Es gab und gibt natürlich auch Einwände gegen die sich abzeichnende Regulierung der Plattformunternehmen. Für die einen erscheint die Beschränkung auf fünf Kriterien und die Voraussetzung, dass zwei davon erfüllt sein müssen, ziemlich restriktiv. Offen bleibt auch, wie es in der Praxis gelingen soll, die vermutete Arbeitnehmerstellung zu widerlegen, was ausdrücklich als Option vorgesehen ist. Und neben der Frage, wie die Arbeitnehmerschutzrechte wirksam grenzüberschreitend durchgesetzt werden können, gibt es eine höchst ambivalente offene Frage: Entspricht es überhaupt dem Interesse der meisten auf bzw. über Plattformen arbeitenden Menschen den Arbeitnehmerstatus zu erlangen oder legen sie nicht vielmehr größeren Wert auf den Selbstständigen-Status?

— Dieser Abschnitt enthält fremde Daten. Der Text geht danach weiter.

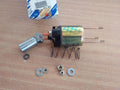 Starter Motor Solenoid fits Fiat Tipo Diesel 9944672 Genuine View Front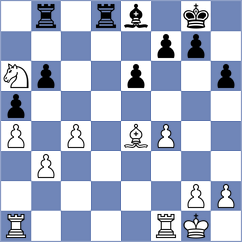 Kozhuharov - Mucobega (Chess.com INT, 2016)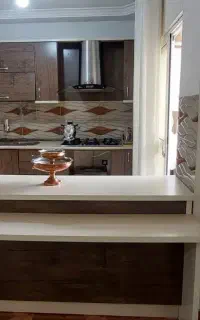 کابینت دست دوم و سینک و شیر و اپن و هود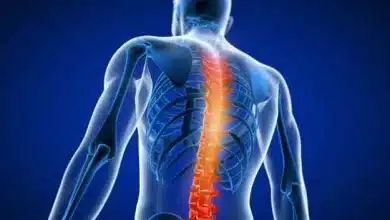 रीढ़ की हड्डी टीबी से गल रही है - डॉ. अशरफ अली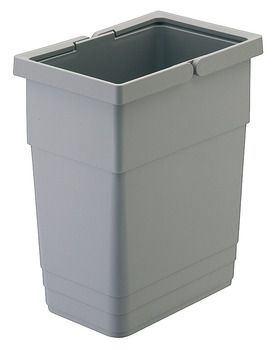 Waste Bin Container, with Handle, Capacity 6 litres, One2Four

SPD und Grüne hätten dem Entwurf der Kommission sicher zugestimmt, wenn da nicht die FDP wäre. Und wieder zurück zum Anfang dieses Beitrags: Warum wollen die das blockieren? Die FDP-Europaabgeordnete Svenja Hahn wurde bereits mit ihren Worten zitiert, „die Gefahr bestehe, dass die neue Regulierung Selbstständigkeit de facto abschaffe“. Man kann das aus einer anderen Perspektive auch so formulieren: Es geht vor allem um die Abschaffung von Scheinselbstständigkeit und der Ausbeutung menschlicher Arbeitskraft durch eine Verlagerung unternehmerischer Risiken auf ungeschützte Solo-Selbstständige.

Und was man hinsichtlich der Dauer wissen muss, selbst wenn der Entwurf der Kommission angenommen werden würde: Die durchschnittliche Zeitspanne von der Annahme eines Vorschlags bis zur Umsetzung im Rahmen des ordentlichen Gesetzgebungsverfahrens beträgt 18 Monate. Die Vorschriften würden daher frühestens 2023 angenommen werden. Sollte die Richtlinie angenommen werden, haben die Mitgliedstaaten zwei Jahre Zeit, um die Richtlinie in nationales Recht umzusetzen, mithin würden die neuen Vorschriften frühestens 2025 in Kraft treten (können). Das wird nun durch die – vorläufige? – Blockade seitens der Bundesregierung nach hinten verschoben. Denn man hofft in Brüssel, „in den kommenden Monaten“ einen Kompromiss finden zu können, der Voraussetzung ist, dass das beschriebene normale Verfahren überhaupt losgehen kann.